Scotland Against Criminalising Communities (SACC) claims that the training given to teachers as part of Glasgow City Council’s efforts to implement the controversial “Prevent” counter-terrorism strategy is likely to put teachers under pressure to pass information on their students to the police.
Although guidance teachers in the city have received more in-depth training in the policy, the group claims classroom teachers have only received a brief overview.
In a statement the group said: “SACC is concerned that teachers given sketchy training will feel under pressure to report students on the basis of poorly-informed suspicions, with the decision then passed to better-trained senior staff who may feel under pressure to demonstrate compliance with Prevent. This is a recipe for incidents that will threaten the rights of students and bring ridicule on teaching staff.”

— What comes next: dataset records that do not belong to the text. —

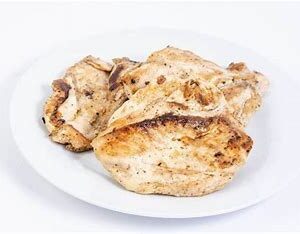 Grilled chicken breasts on a white plate.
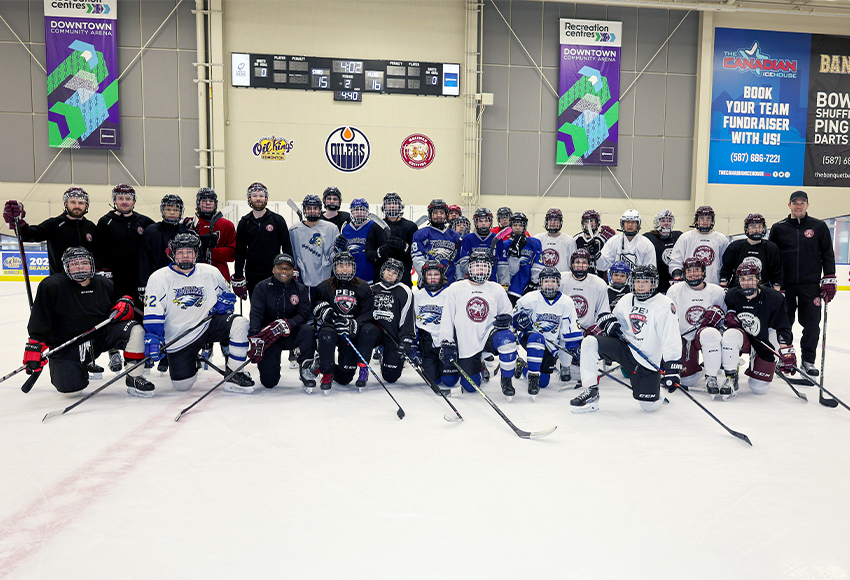 Griffins players and coaches pose with youth from Calling Lake and Wabasca after an on-ice session at the Downtown Community Arena on Thursday (Jefferson Hagen photo).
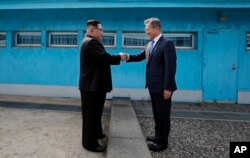27일 문재인 한국 대통령과 김정은 븍힌 국무위원장이 판문점 군사분계선에서 처음 만나 악수를 하고 있다.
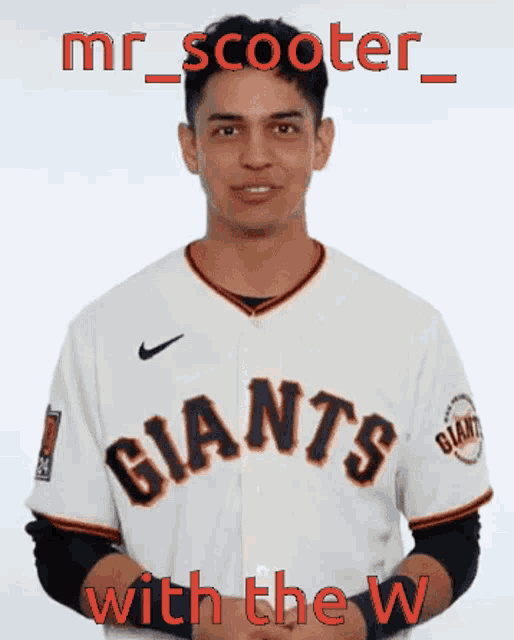 a man wearing a giants jersey says mr scooter with the w.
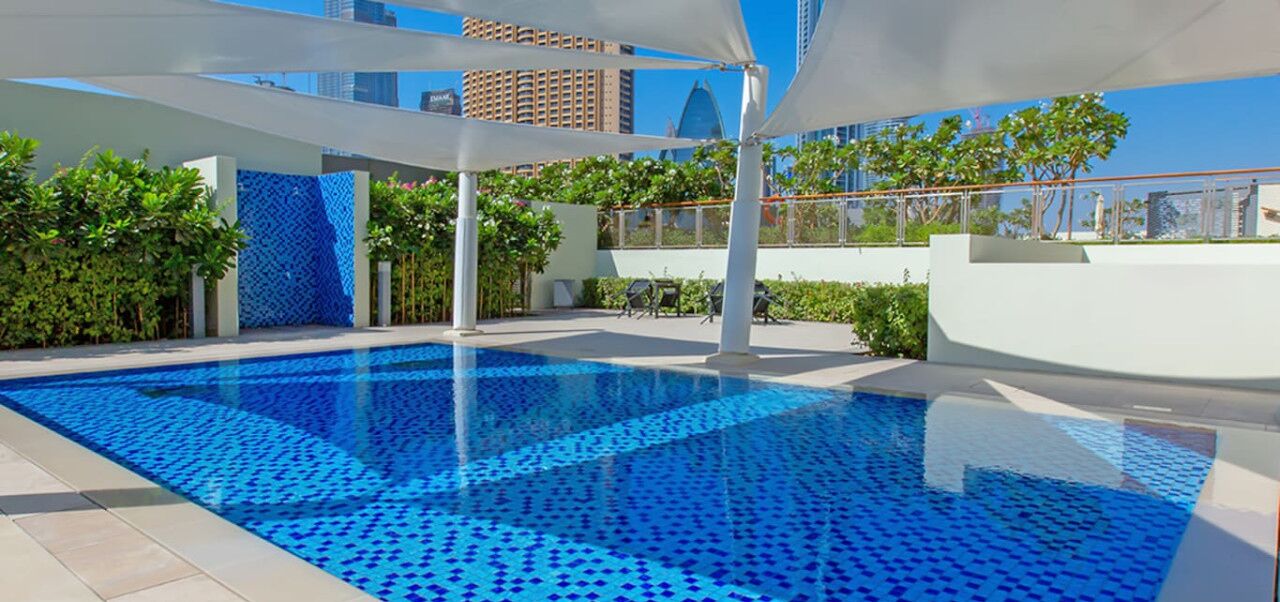 Ein Swimmingpool mit blauem Mosaikfliesenmuster, umgeben von weißen Wänden und Grünpflanzen.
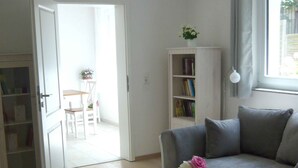 A living room with a sofa, a wooden coffee table with a book and flowers, a bookshelf, and a door leading to another room. - 3-room vacation apartment in the Allgäu with garden and wood-burning stove (Leutkirch im Allgäu)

Another group, called Prevent Watch, has collected a series of case studies of a similar policy in action in England, where children have been erroneously accused of being “vulnerable to extremism.”
Trade unions in the education sector have criticised the Prevent policy, amid claims it is Islamphobic and threatens freedom of speech.
The UK Parliament’s Joint Select Committee on Human Rights has also criticised the implementation of the Prevent policy, concluding that: “The current oversight arrangements for Prevent are too opaque and do not engender confidence.”
Glasgow city council is not the only Scottish authority that is training staff.
Last November The Ferret revealed that 4,200 public sector workers had been trained in the policy.
The Ferret has also published earlier drafts of counter-terrorism training produced by Glasgow City Council that suggested environmental and anti-nuclear campaigners could be considered terrorist threats.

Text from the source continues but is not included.